-- PROMPT --
Every line from the one that contains "单日大涨7.52%后，这只基金年内上涨8.16%，暂居全市场首位图片" to the end of the records must be restated word for word. No other line belongs in the answer.

___ EXERCISE MATERIALS

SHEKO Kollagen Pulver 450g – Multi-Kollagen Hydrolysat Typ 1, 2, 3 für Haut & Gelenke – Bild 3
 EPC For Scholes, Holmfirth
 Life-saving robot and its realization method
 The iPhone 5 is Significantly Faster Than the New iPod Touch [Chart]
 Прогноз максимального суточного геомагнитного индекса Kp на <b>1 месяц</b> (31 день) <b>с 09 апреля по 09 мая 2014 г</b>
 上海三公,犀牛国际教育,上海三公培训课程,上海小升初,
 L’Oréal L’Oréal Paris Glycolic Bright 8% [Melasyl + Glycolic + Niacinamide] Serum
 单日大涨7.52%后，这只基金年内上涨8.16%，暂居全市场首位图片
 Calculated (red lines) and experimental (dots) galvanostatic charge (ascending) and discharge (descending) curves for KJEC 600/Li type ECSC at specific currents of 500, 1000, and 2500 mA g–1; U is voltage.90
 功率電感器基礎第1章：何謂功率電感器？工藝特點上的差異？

______

-- REPLY TO THE TASK --
 单日大涨7.52%后，这只基金年内上涨8.16%，暂居全市场首位图片
 Calculated (red lines) and experimental (dots) galvanostatic charge (ascending) and discharge (descending) curves for KJEC 600/Li type ECSC at specific currents of 500, 1000, and 2500 mA g–1; U is voltage.90
 功率電感器基礎第1章：何謂功率電感器？工藝特點上的差異？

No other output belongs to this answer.